Once you’ve logged in, click the “Create New App” button at the top right of the screen. Our goal is not to create a fully fledged app at this point, but simply to obtain the credentials necessary to begin making some simple calls to the Twitter API:


You can name your app whatever you want, describe it however you want, and put in the name of any website you like. The two important things you must do are 1) put the following text in the “Callback URL” text box: http://127.0.0.1:1410 This number describes the location where the API will return your data– in this case, it is your web browser (but it could be another site where you want to store the results of the data.); 2) You must uncheck the “Enable Callback Locking” button on the same page. Note: at the time of this writing, Twitter is discussing removing this check box, so you may need to search the documentation of the rtweet package for more information if the authentication functions below do not work.

If you followed the steps above, the name of your application should now appear. Click on it, and then click on the “Keys and Access Tokens” tab in order to get your credentials. Unfortunately, Twitter makes developers get two different types of credentials which are listed on that page. These are blurred out in the screenshot below because I do not want people who read this web page to have access to my credneitals, which they could then abuse in various ways:


The next step is to define your credentials as string variables in R, which we will then use to authenticate ourselves with the Twitter API. Make sure to select the entire string (by triple clicking), and make sure that you do not accidentally leave out the first or last digit (or add spaces):

app_name<-"YOURAPPNAMEHERE"
consumer_key<-"YOURKEYHERE"
consumer_secret<-"YOURSECRETHERE"

Next, we are going to install an R package from Github called rtweet that helps us make calls to Twitter’s API. More specifically, it provides a long list of functions that both a) construct API URL queries for different types of information; and b) parses the resulting data into neat formats. In order to authenticate you may also need to install the httpuv package as well (if so, you will receive an error message about this package). If you have never installed a package from Github before you will need the devtools package to do this.

library(devtools)
install_github("mkearney/rtweet")

Now, we are ready to authenticate ourselves vis-a-vis Twitter’s API. To do this, we are going to use rtweet’s create_token function, which makes an API call that passes the credentials we defined above, and then opens a web browser with an authentication dialogue that you must authorize by clicking the blue “authorize” button. You should then receive the following message Authentication complete. Please close this page and return to R.

library(rtweet)
create_token(app=app_name, consumer_key=consumer_key, consumer_secret=consumer_secret)

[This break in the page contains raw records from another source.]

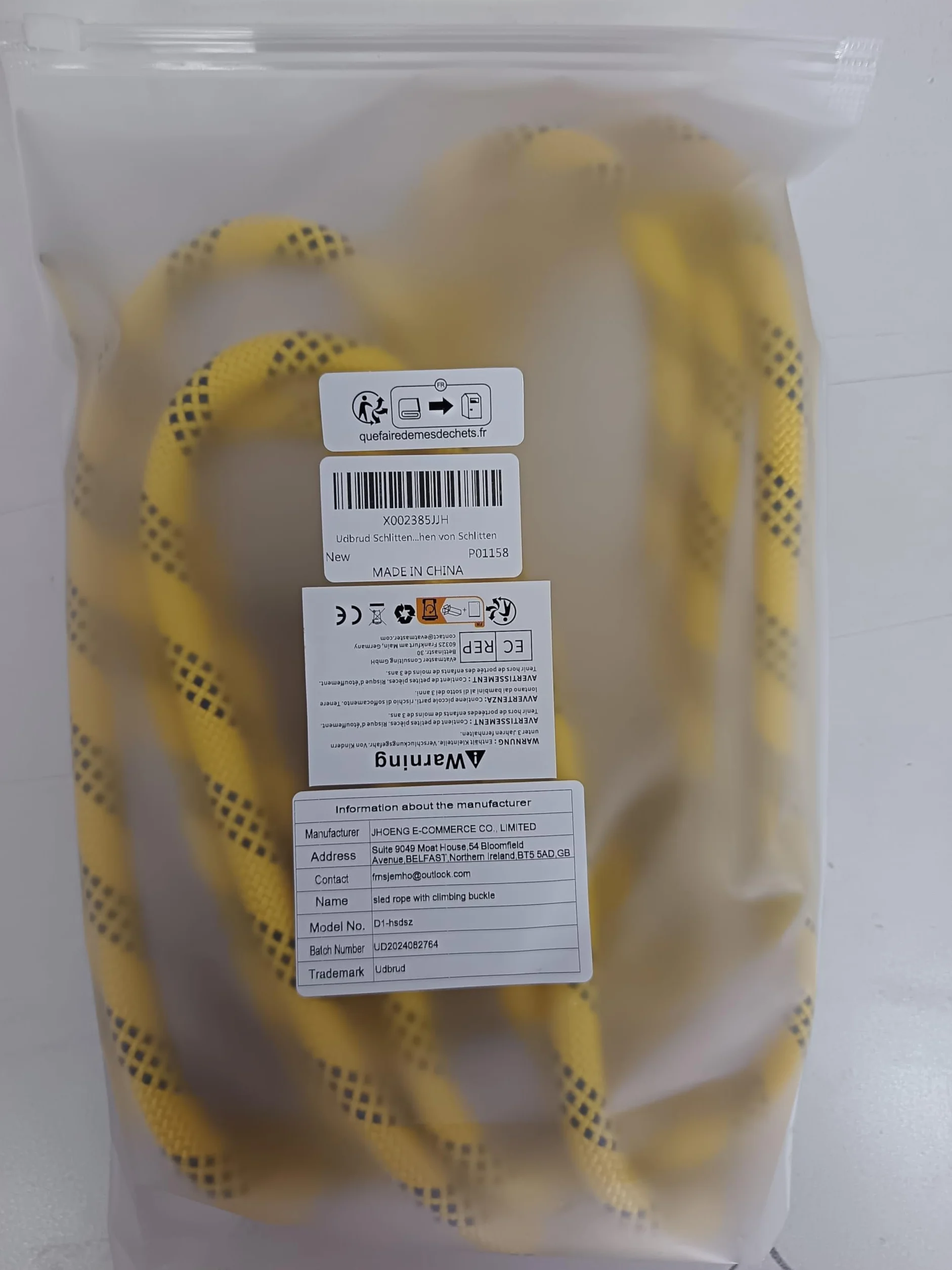 Cuerda de Trineo con Mango 400 cm Nailon Trenzada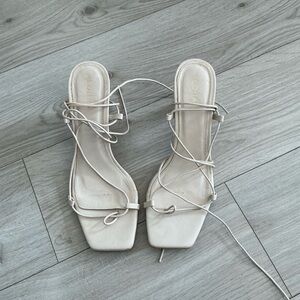 Alohas Beige Strappy Heels (Size: 39)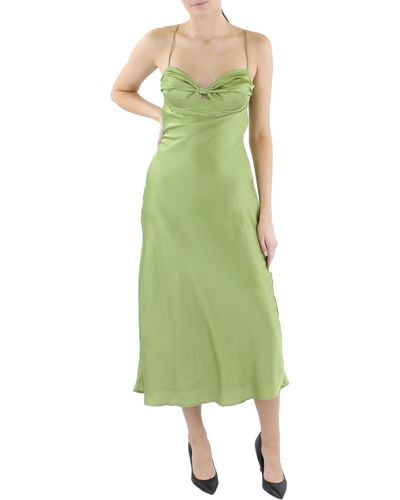 Astr Mariela Satin Long Slip Dress - Green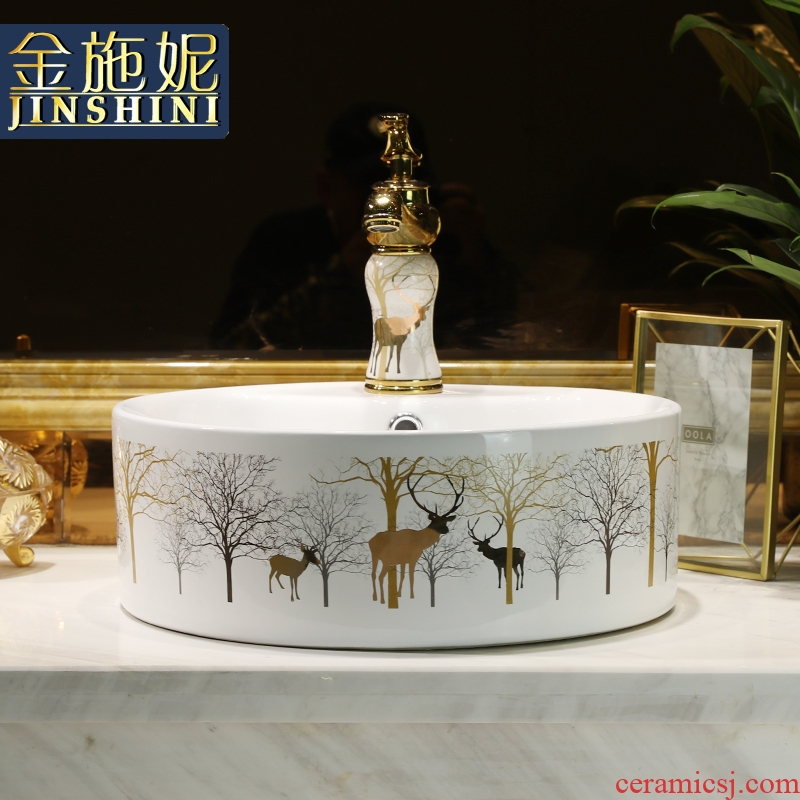 Ceramic art on the stage that wash basin of household toilet lavabo lavatory small circular north European for wash basin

Now, we can take full advantage of all of the many useful functions within the rtweet function for collecting data from Twitter. Let’s begin by extracting 3,000 tweets that use the hashtag #korea.

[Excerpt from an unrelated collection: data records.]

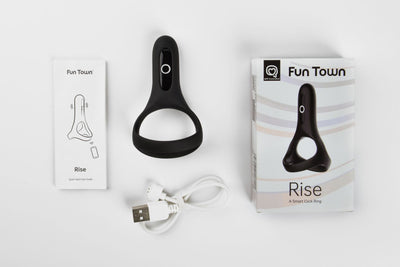 Main image for product index 4: Подвійне ерекційне кільце Fun Town Rise Turquoise, керування зі смартфона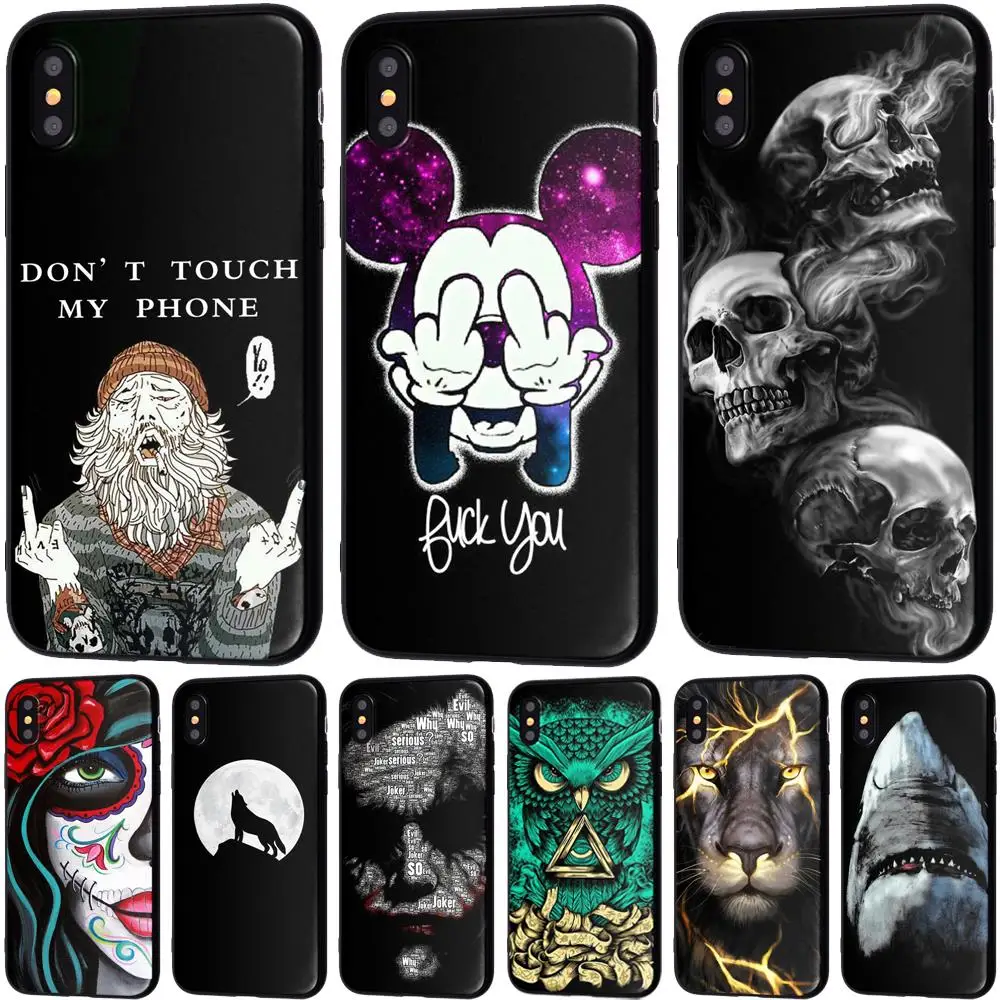

YIKS Phone Case For iPhone 6 6s 7 8 Plus X XR XS Max 5 5s SE Cool Shark Owl Lion Soft TPU For iPhone X Phone Case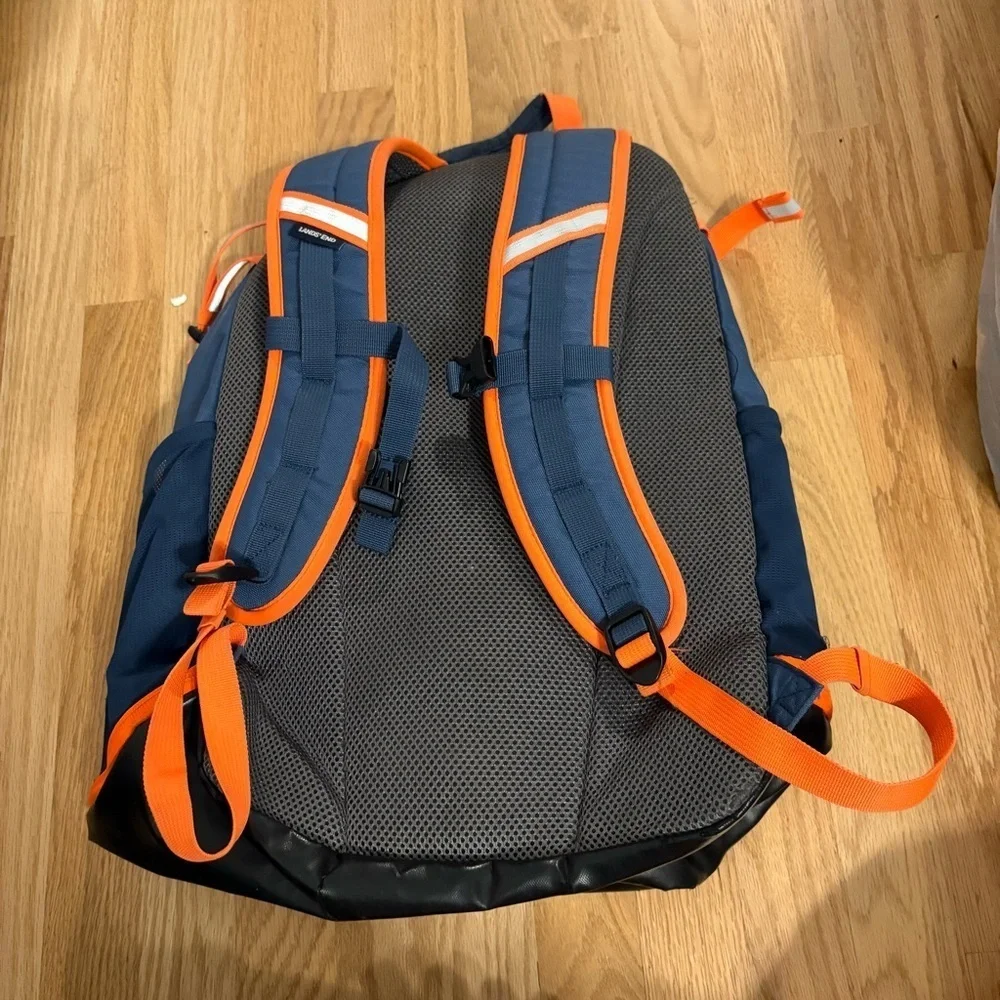 Lands' End Blue Orange Backpack Book Bag Camping Hiking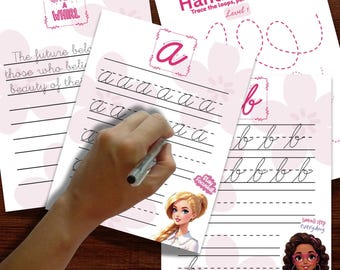 Cursive Handwriting Practice, homeschooll learning, Practice learning with motivational quotes on ever page, Digitally-download, Printable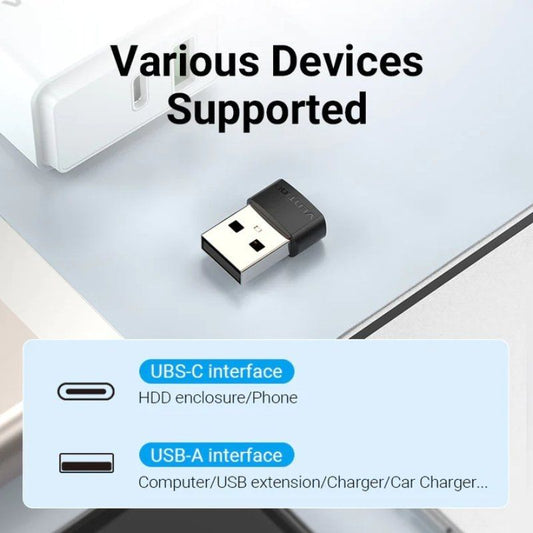 Adaptador USB 2.0 Vention CDWB0/ USB Tipo-C Macho - USB Hembra-0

korea_tweets<-search_tweets("#Korea", n=50, include_rts = FALSE)
## Searching for tweets...
## Finished collecting tweets!

This code creates a dataframe called korea_tweets which we may then browse. Let’s take a look at the first ten tweets, which rtweet stores as a variable called text.

head(korea_tweets$text)
## [1] "Anywhere in the world as long as it is a PayPal merchant\nYou can use this debit card (prepaid card).\n\n#Korea #Thailand #Taiwan #Ja #Bitcoin"                                                                                                                                                                                           
## [2] "Guess who just found Tiramisu flavored Oreos, apparently out of Korea...on Amazon?!   \U0001f64b \U0001f917\nCan't wait to try them! \U0001f5a4\U0001f49c\U0001f5a4\U0001f49c\U0001f5a4\n\U0001f44d \U0001f44d #weirdasscandy #oreos #tiramisu #Amazonfinds #tiramisuoreos #Korea"                                                        
## [3] "just spoke with a #north #korea defector and can’t believe what i heard \U0001f614\U0001f614 all citizens must have smaller meat than the government. failure to have smaller meat can mean indefinite detention. i had to teach her that some people do have larger meat, for the first time \U0001f614\U0001f614"                       
## [4] "#Seoulong #Korea #SeoulFood #SeoulSista #SeoulMate #Korea  #MarketIsTimeToGo #WorkingGirl #NotThatKind #ItWouldTakeMore #ThanADolla https://t.co/zDFQrnzNmb"                                                                                                                                                                              
## [5] "#6M6M #YonghungIsland #IOTA #Korea \nRead About 6M6M Yonghung Island https://t.co/SFypr1JVid\n6M6M on 14050.4 now"                                                                                                                                                                                                                        
## [6] "2018.05.19 M.FECT LIVE TOUR 2018\n\u2728Golden monthly\u2728 \nin PLUSWINホール \n\U0001f53aK-POP✖️J-POP祭りinアリオ八尾\U0001f53a\n\n#mfect #MFECT #엠펙트 #mgun #mingun #LeeMinGun #민건 #MGUN #엠건 #엠엠 #KPOP #singer #boysgroup #idol #韓国 #한국 #korea #Goldenmonthly #アリオ八尾 #イベント  #KPOPJPOP祭り https://t.co/FMatDZPWzr"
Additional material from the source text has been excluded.